• [Data]
- - - - -

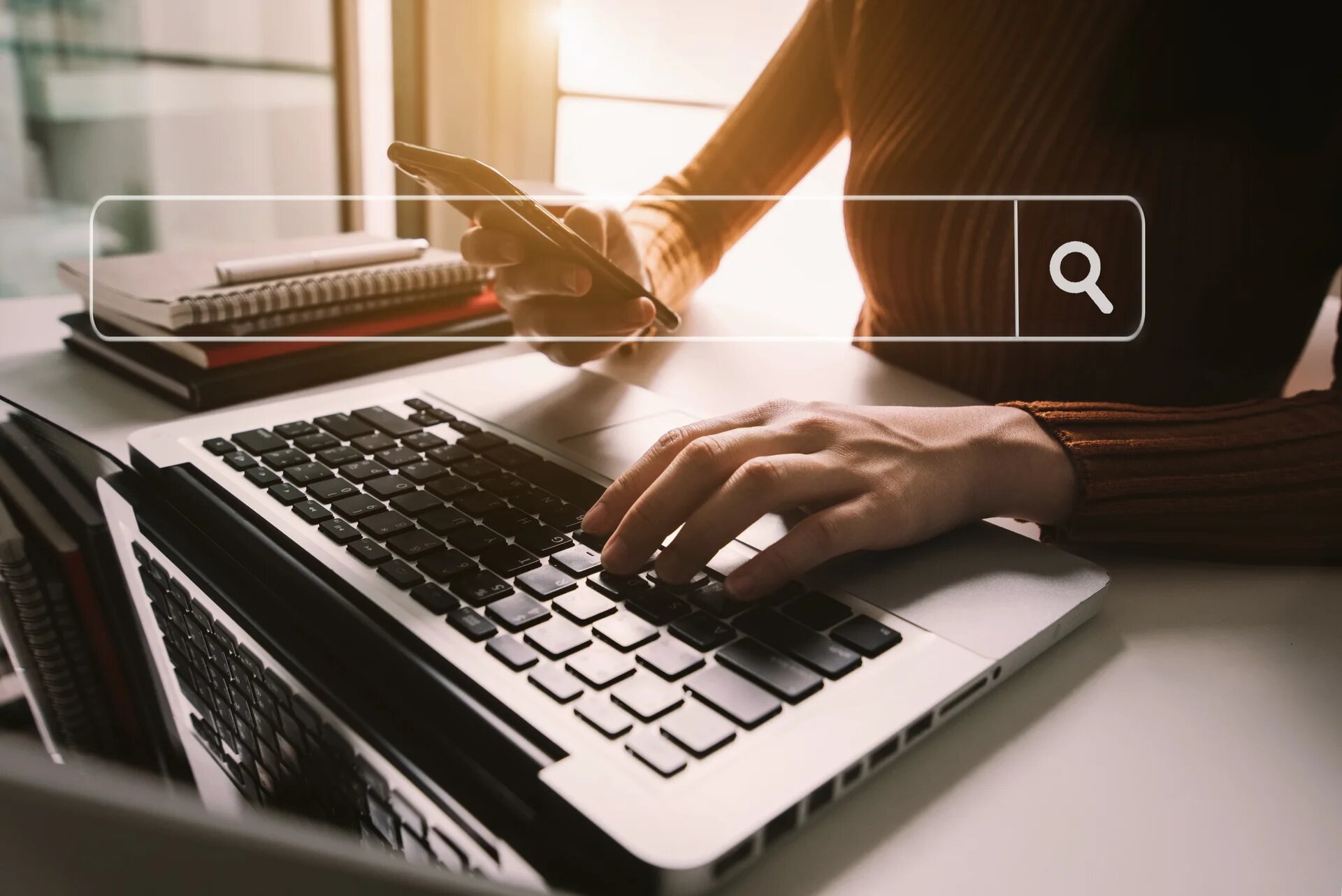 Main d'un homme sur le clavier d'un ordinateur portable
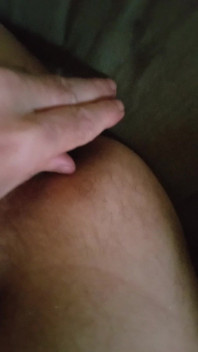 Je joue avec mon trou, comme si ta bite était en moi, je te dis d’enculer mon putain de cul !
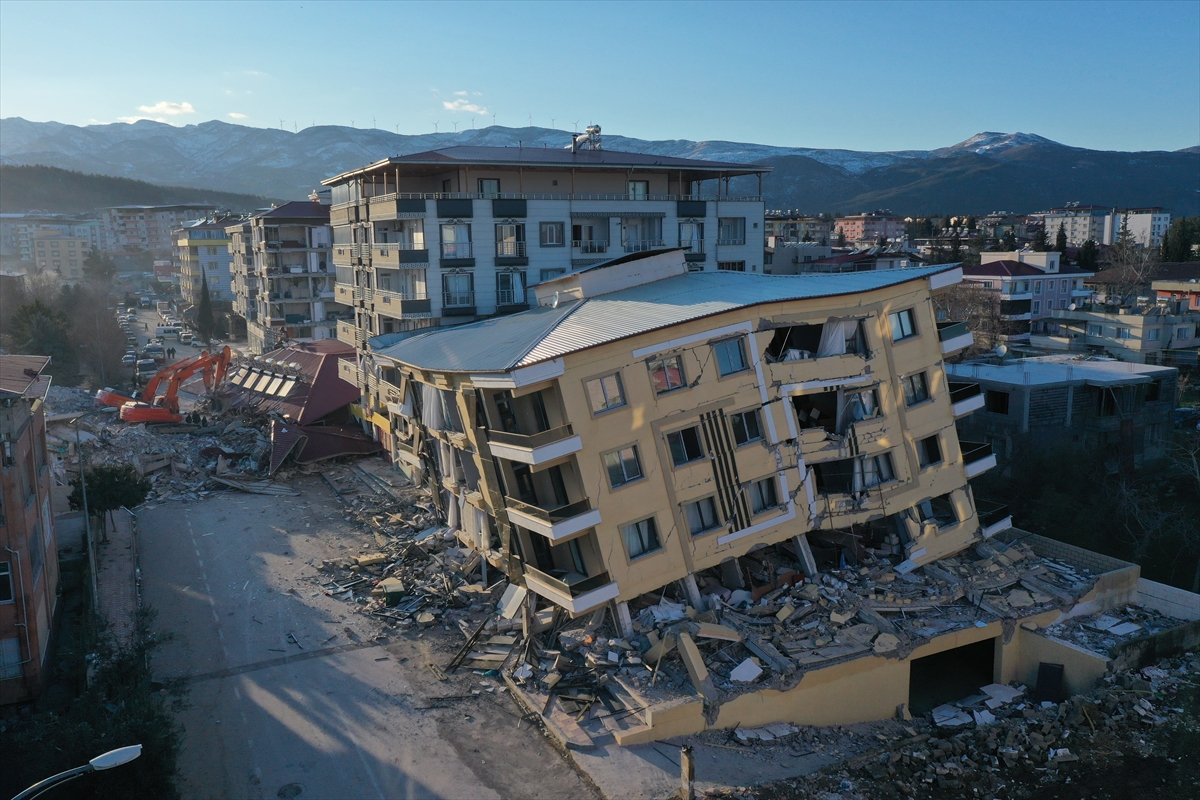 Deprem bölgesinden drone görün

- - - - -

• [Work required] Return the listing above in full and without alteration, excluding its pictures.

• [Written solution]
 Main d'un homme sur le clavier d'un ordinateur portable
 Je joue avec mon trou, comme si ta bite était en moi, je te dis d’enculer mon putain de cul !
 Deprem bölgesinden drone görün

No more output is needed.